Supplied material START

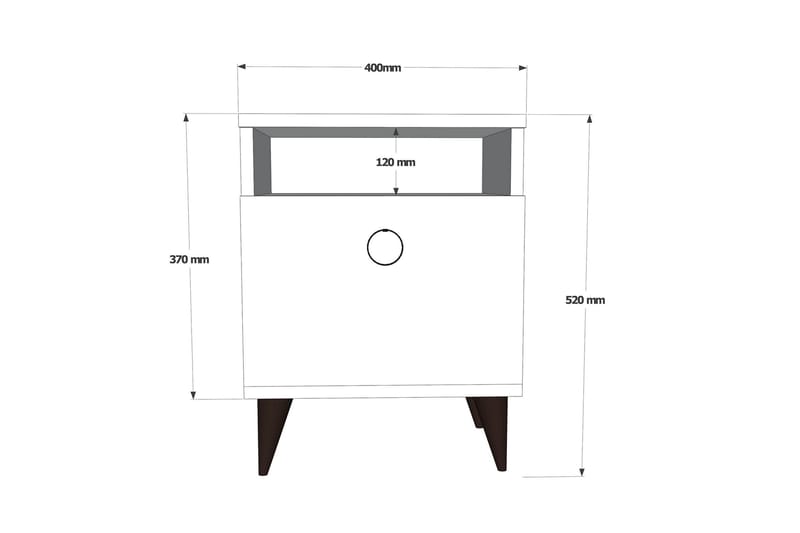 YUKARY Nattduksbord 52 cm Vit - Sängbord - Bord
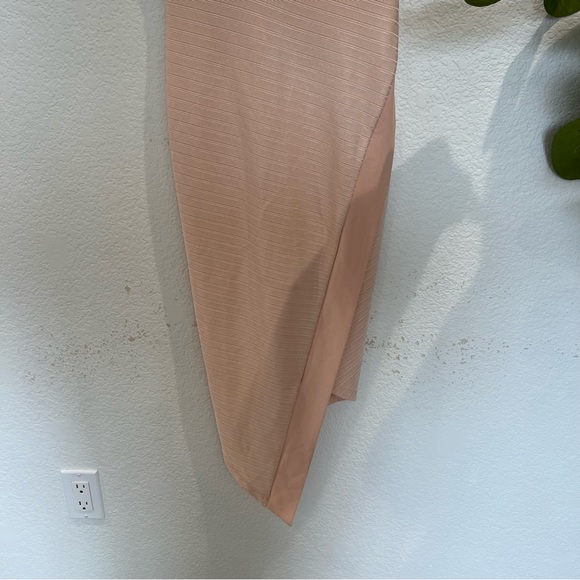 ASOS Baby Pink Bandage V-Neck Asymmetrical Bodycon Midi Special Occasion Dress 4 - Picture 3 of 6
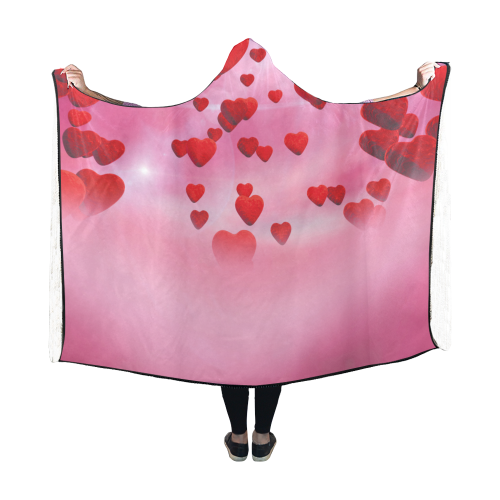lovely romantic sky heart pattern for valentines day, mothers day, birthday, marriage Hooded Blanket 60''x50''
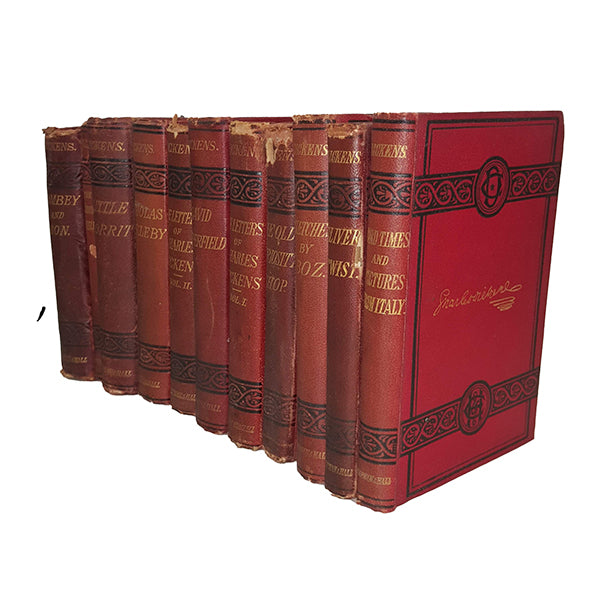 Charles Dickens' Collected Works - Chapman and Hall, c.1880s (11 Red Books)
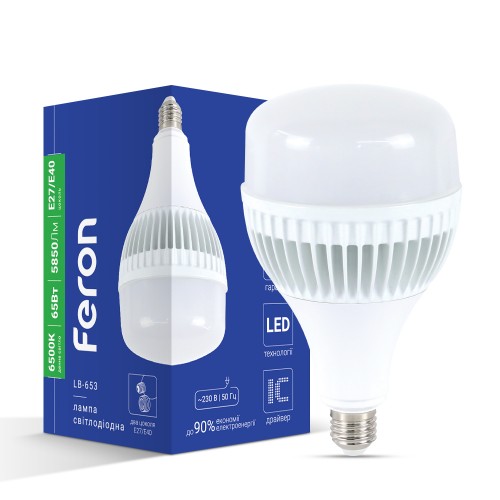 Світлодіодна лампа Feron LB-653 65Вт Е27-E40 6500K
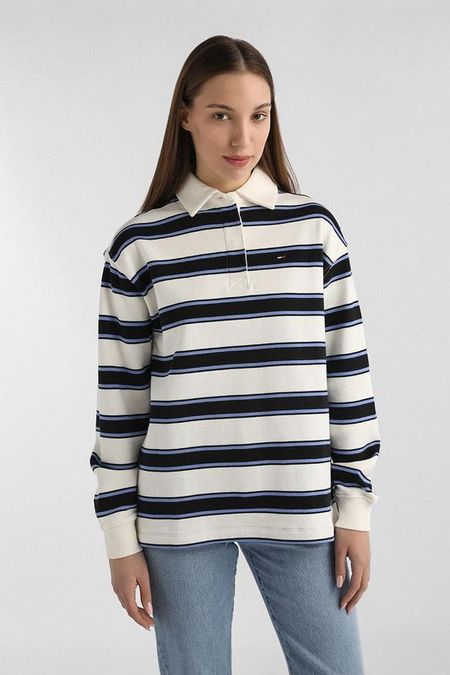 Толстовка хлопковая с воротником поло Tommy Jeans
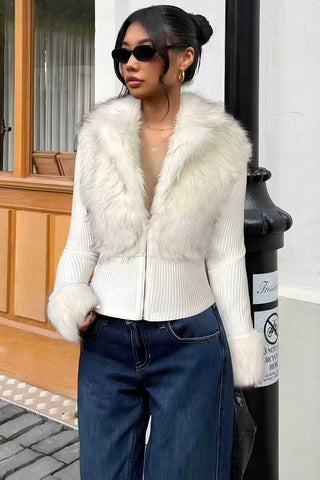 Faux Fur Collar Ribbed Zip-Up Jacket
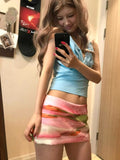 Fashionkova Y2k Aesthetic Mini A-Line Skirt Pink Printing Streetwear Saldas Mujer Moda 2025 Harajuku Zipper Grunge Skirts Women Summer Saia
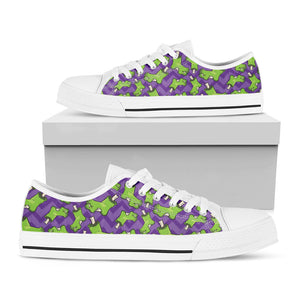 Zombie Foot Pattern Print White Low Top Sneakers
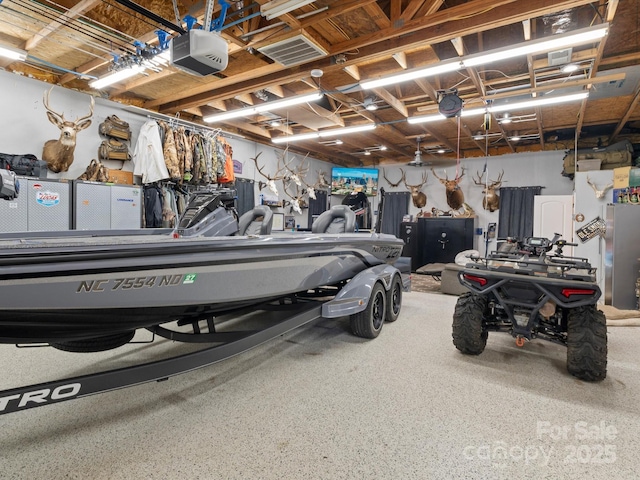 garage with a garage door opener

Supplied material END

### Your goal
Write the lines out exactly, beginning at the line that holds "lovely romantic sky" and stopping after the last line of the entries; include no pictures.

### Reply
lovely romantic sky heart pattern for valentines day, mothers day, birthday, marriage Hooded Blanket 60''x50''
 Charles Dickens' Collected Works - Chapman and Hall, c.1880s (11 Red Books)
 Світлодіодна лампа Feron LB-653 65Вт Е27-E40 6500K
 Толстовка хлопковая с воротником поло Tommy Jeans
 Faux Fur Collar Ribbed Zip-Up Jacket
 Fashionkova Y2k Aesthetic Mini A-Line Skirt Pink Printing Streetwear Saldas Mujer Moda 2025 Harajuku Zipper Grunge Skirts Women Summer Saia
 Zombie Foot Pattern Print White Low Top Sneakers
 garage with a garage door opener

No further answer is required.